_TASK INSTRUCTIONS_. A word-for-word copy of the data is what's wanted, with no pictures.

_DATASET EXTRACT_.

───

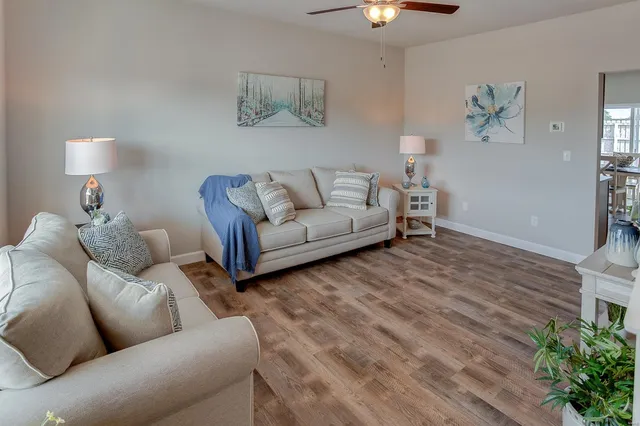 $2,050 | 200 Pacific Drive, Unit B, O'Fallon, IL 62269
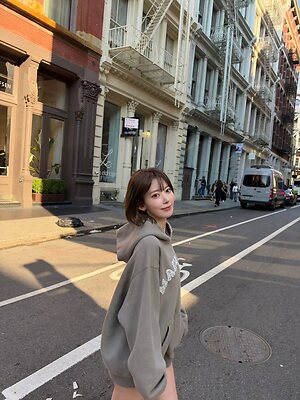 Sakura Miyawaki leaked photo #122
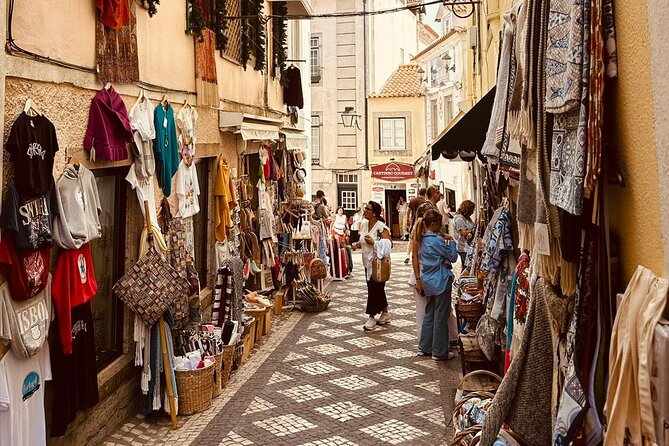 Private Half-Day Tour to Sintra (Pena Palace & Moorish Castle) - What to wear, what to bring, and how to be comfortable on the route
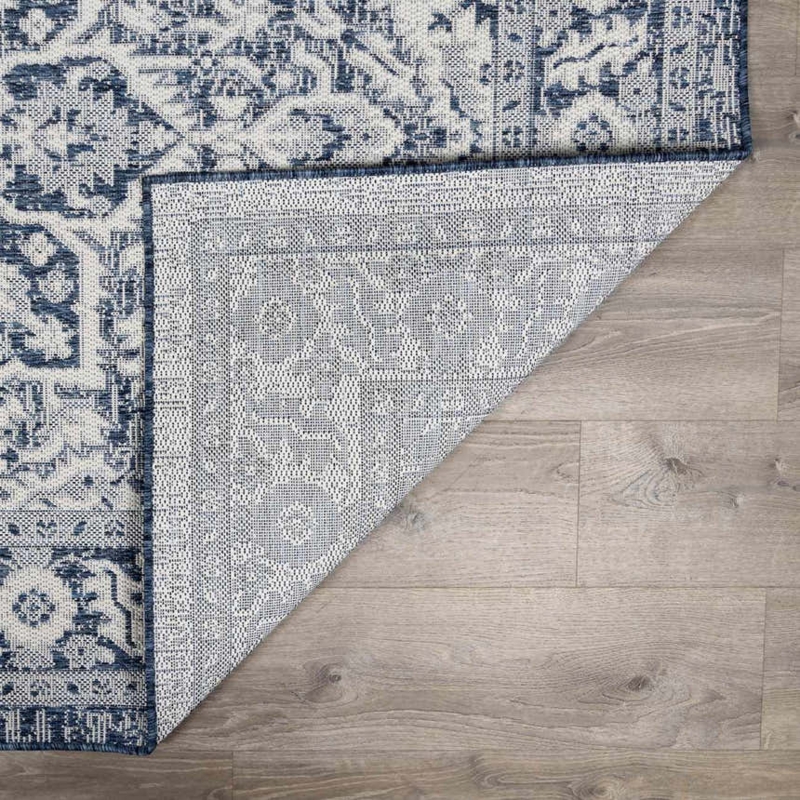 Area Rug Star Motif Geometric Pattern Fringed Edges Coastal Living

───

_COMPLETED EXERCISE_.
 $2,050 | 200 Pacific Drive, Unit B, O'Fallon, IL 62269
 Sakura Miyawaki leaked photo #122
 Private Half-Day Tour to Sintra (Pena Palace & Moorish Castle) - What to wear, what to bring, and how to be comfortable on the route
 Area Rug Star Motif Geometric Pattern Fringed Edges Coastal Living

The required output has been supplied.